Given the language of the Higher Education Act as amended, what I am describing may require legislative rather than regulatory change. If so, I encourage both sides of the aisle to recognize the lack of partisanship on the issue of institutions failing due to weak financial health.

It’s conceivable that ED could initiate a new rule to contract agencies like Fitch or Moody’s, integrating their ratings into its oversight process. This shift could be executed through negotiated rule making, a collaborative process involving higher education stakeholders, where resistance seems unlikely. No participant—whether college administrators weary of the FRCS’s flaws, student advocates seeking transparency or fiscal watchdogs guarding federal funds—should object to this common-sense upgrade, as it promises a more accurate, market-driven gauge of financial health, aligning the interests of institutions, students and taxpayers without the upheaval of legislative gridlock.

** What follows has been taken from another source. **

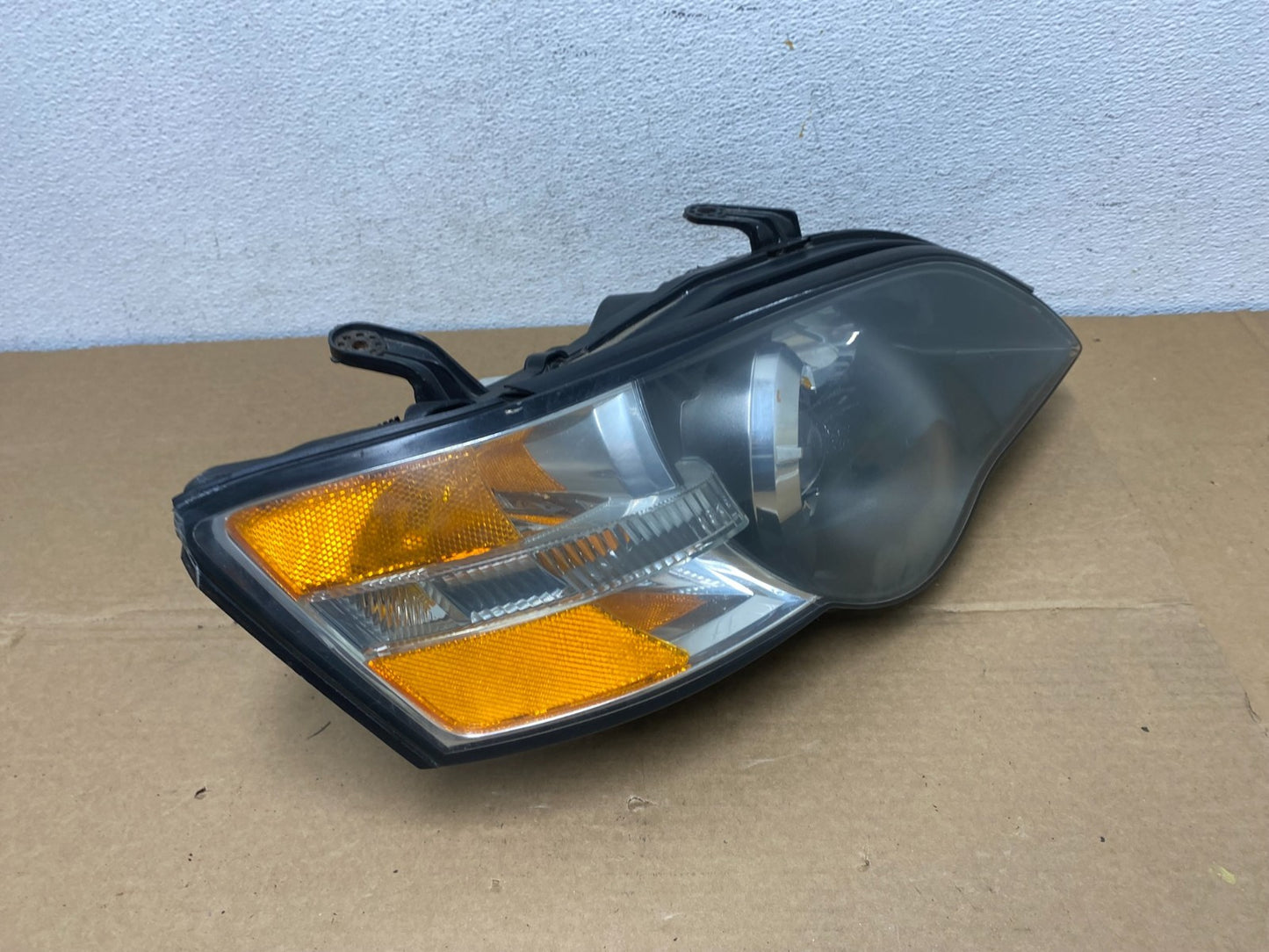 2006 to 2007 Subaru Legacy Right Passenger RH Side Black Headlight AD3787 DW2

If this proposal seems a bit too much, I urge those with decision-making power to at least update and enhance the methodology of the FRCS. The current state of affairs is unsustainable; it’s time to act decisively to safeguard our students and uphold the integrity of higher education.

Ariel Sokol is the founder of Kolari Consulting LLC, an ed-tech consulting company. He previously served as a senior equity research analyst for close to a decade covering the for-profit education market at Wall Street banks UBS and Wedbush Morgan. He also served as a vice president of strategy and finance at Pearson’s Connections Education virtual school division.